Over the years I have written quite a bit about my family and being a dad. I have shared the good, the bad, and the depressing. So in my own head I think that I have earned the right to gush about Dev’s current successes (Did I mention that my son, after all the years of effort and sacrifice is officially gifted and talented?). We did not come by any of this easily or by chance. We got here through effort and strategy and love. It’s all paying off with an intelligent, novel-reading, swimming, off-the-charts mathematician who is comfortable in his independence. To maintain it all and not fall into complacency will require us to double our efforts. Luckily these years ahead, generally speaking, are the so-called quiet before the stormy years of adolescence. Of course there will be plenty of squalls between now and the teens, but we think we are up for it. Heck, we have to be.
Was that paragraph annoying? Are you telling me right now aloud, directly into your computer screen, with a string of slobber hanging from the corner of your mouth to kiss your ass? Are you asking yourself who does this guy think he is anyway, some magical parenting shaman? The friggin’ kid whisperer? If you are thinking that, I must admit that I understand. I’d bet money that more people threw up in their mouths than cheered. Sometimes it’s hard to hear good things about other people’s kids especially if you are in the often-dark and seemingly endless tunnel of the toddler and preschool years. Even if you emerged from those earlier years unscathed you may be chagrined to find that the school-aged years have gotten off to a rocky start with unwanted peer influences and disruptive classroom behavior. You may even be saying “of course it’s all good for him – he only has one!” I got it. I feel your pain too.

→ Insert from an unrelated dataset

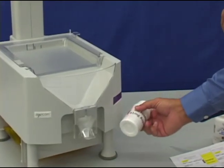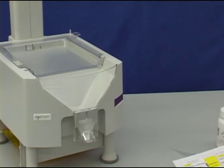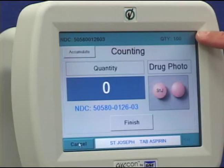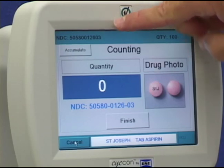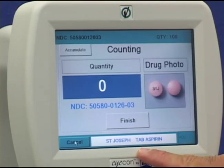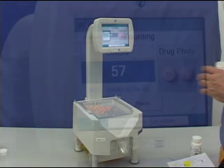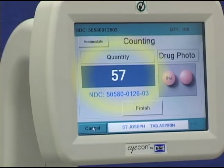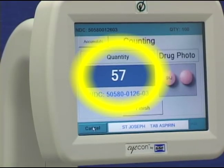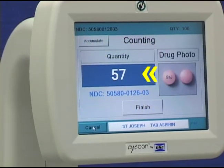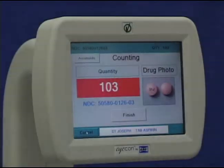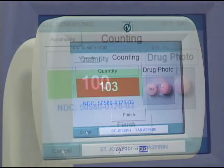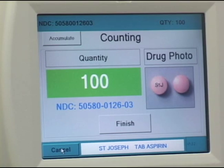Scan the stock bottle. The display still shows the quantity required for the script, the NDC number, and the name of the drug just scanned. Pour the pills onto the platter. Besides the displayed count, a blue background means there are not enough pills, a red background means too many, and green means just right.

There will always be some kid out there who is super charming where you kid is kind of a jerk. Or a kid who is athletic where your kid is kind of a book worm. A kid you find to be sickeningly adorable. A kid who is so brilliant Oprah invites him or her onto her show. On the other hand there will always be something good we can say about our kids no matter where they fall in the spectrum of personalities and intelligence. We had better be able to come up with something good to say about our offspring. If working super hard as a parent doesn’t give us something to gush about then what’s the sense?

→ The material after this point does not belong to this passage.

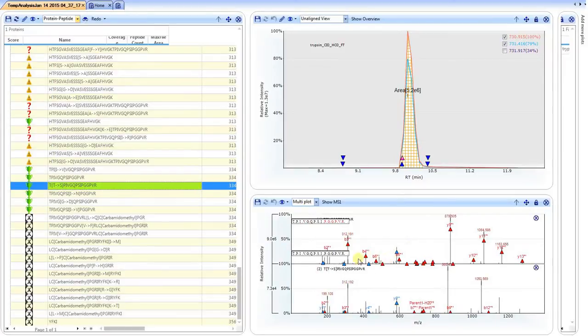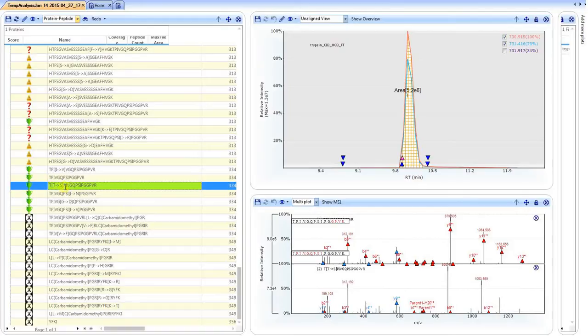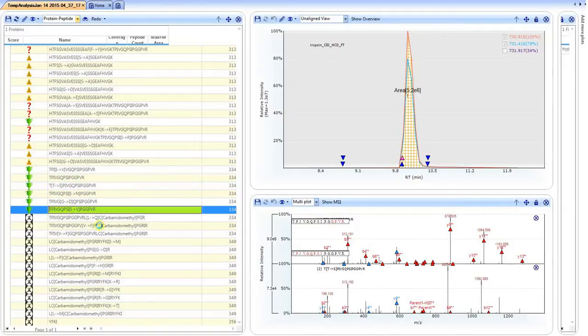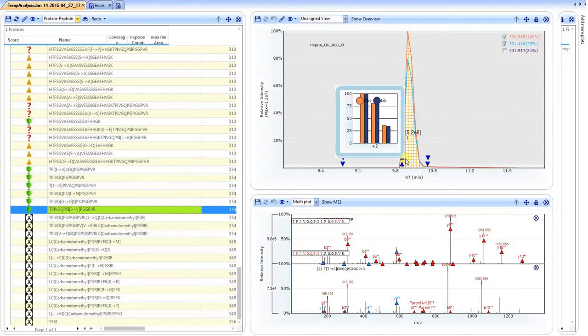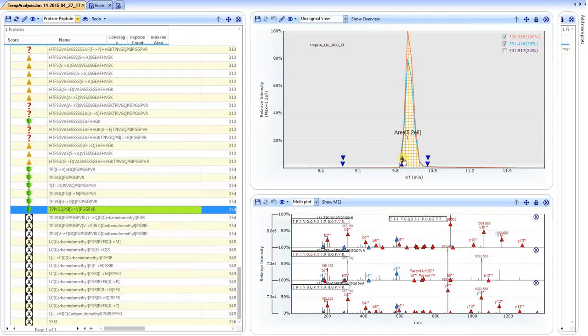The blue triangles represent common fragment ions observed between both product ion mass spectra, and the red triangles represent those fragment ions that are unique. The matching at this particular site of modification, which is at the N-terminus, doesn't appear to line up as well as if we would click on the isoleucine to valine and add yet another product ion spectrum.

So then why are we so dismissive (or just plain hateful) of other parents when they talk about their kids? Me, I love hearing people boast about their kids. I also have been well trained (shameless plug) to appreciate a parent’s pride. I wasn’t always this way though. When Dev was going through his early days of development I would get down right annoyed by people with well-adjusted kids. I could not stand to hear their cute stories and be around their joy. I am so glad I did not have a Facebook account in those trying times. Nowadays I can’t get enough of the good stories and I also enjoy the rewarding challenge of working with a parent through the tough times and toward the path of finding a little joy again.
Still I understand when you want to counter a good story of mine with a better one of your own. I get it when you want to point out that your kid was potty trained when mine was just testing out his potty mouth. It’s not a competition (not officially anyway) yet we always measure ourselves against other parents because we never know if we are doing it right. When we sense and seize an opportunity to boast about our children it’s because somewhere deep down we understand it to be a moment where we can say to ourselves without reservation that “I’m doing something right!” Usually the sound byte playing in our heads is the one where we are chastising our inner voice with “we screwed that up didn’t we?” Or my favorite “how many years of therapy will it take for him to work through that parenting blunder?”
When you are doing it right being a parent is hard. When you are doing it wrong it’s also hard. I have found that there is a thin line between the two. That’s why we cling to the fleeting moments of joy, relay over and over again the long term successes that were a direct product of sacrifice, and unabashedly talk about our kids as if they walk on water… even if the last thing they walked on was their own feces.